IASA Spicy Anchovies in Olive Oil, glass jar


Dan’s notes: These are what you might expect, only moreso. Salted prior to being jarred with the olive oil and peppers, these whole anchovies are like normal anchovies taken to the nth degree. Not crazy hot, but a bit of zip, salty, crunchy with not fully softened by the process, this is the anchovy for anchovy lovers who want the things most people dislike about the anchovy fillets found on pizzas.

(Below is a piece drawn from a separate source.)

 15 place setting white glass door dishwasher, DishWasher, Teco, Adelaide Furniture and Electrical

Anchovies have recently gained popularity due to their high content of essential nutrients. These anchovies are fished in the spring-summer period by the boats of Cetara, and thanks to a traditional encircling technique, are then hoisted into the boat.

The proximity of the factory to the fishing site allows the anchovies to undergo the first stages of processing only a few hours after capture. These anchovies are completely handcrafted in Italy, with respects to the tradition handed down for generations that enhances the quality and taste.

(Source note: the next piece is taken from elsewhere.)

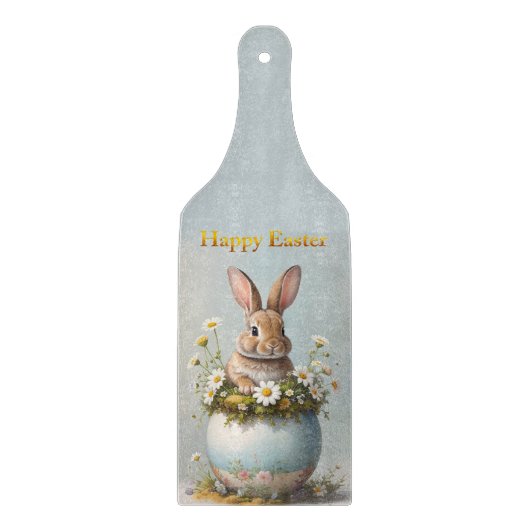 Vintage-Osterhase mit Gänseblümchen Schneidebrett (Vorderseite)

Salted, with hot pepper and extra virgin olive oil, the Sapori di Mare anchovies are unique delicacies to taste.

Net Weight: 7.05 oz (200g), Drained Weight: 4.94 oz (140g)

Pictured on homemade pizza.

In stock


Ingredients: whole anchovies, olive oil, hot pepper, tomatoes, salt.

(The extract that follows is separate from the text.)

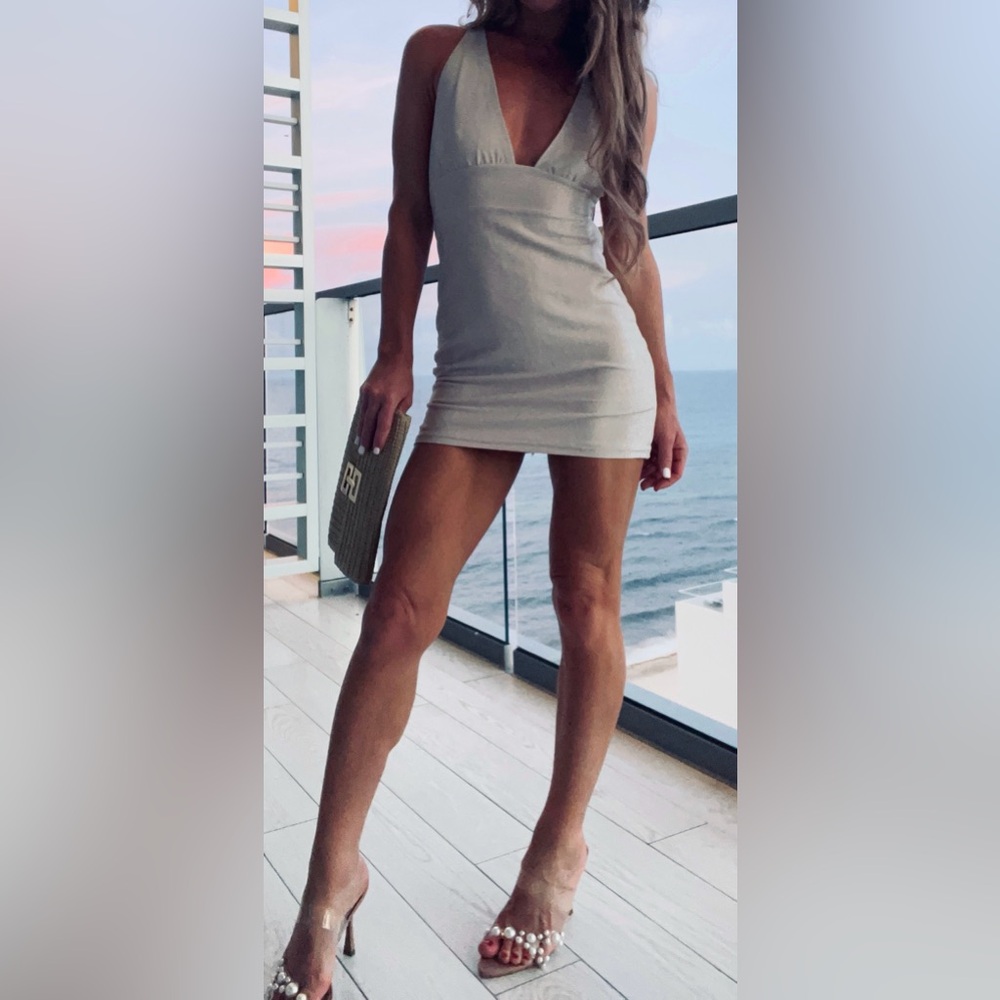 Sparkling Beige Sleeveless Dress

The terms “spiced” and “spicy” are used pretty much interchangeably in the tinned fish world, to mean two different things: with a hot pepper (or hot pepper flavor), and with cloves/bay/carrot/hot pepper. There are many examples of both terms being used to mean both things.

We are so frustrated by how widespread this confusing inconsistent usage is that we’ve gone through our entire product line to correct the incorrect ones such that our description of “spiced” or “spicy” will always indicate which it really is, regardless of the packaging. “Spicy” = with hot pepper flavor. “Spiced” = with the cloves/bay/carrot/hot pepper flavors.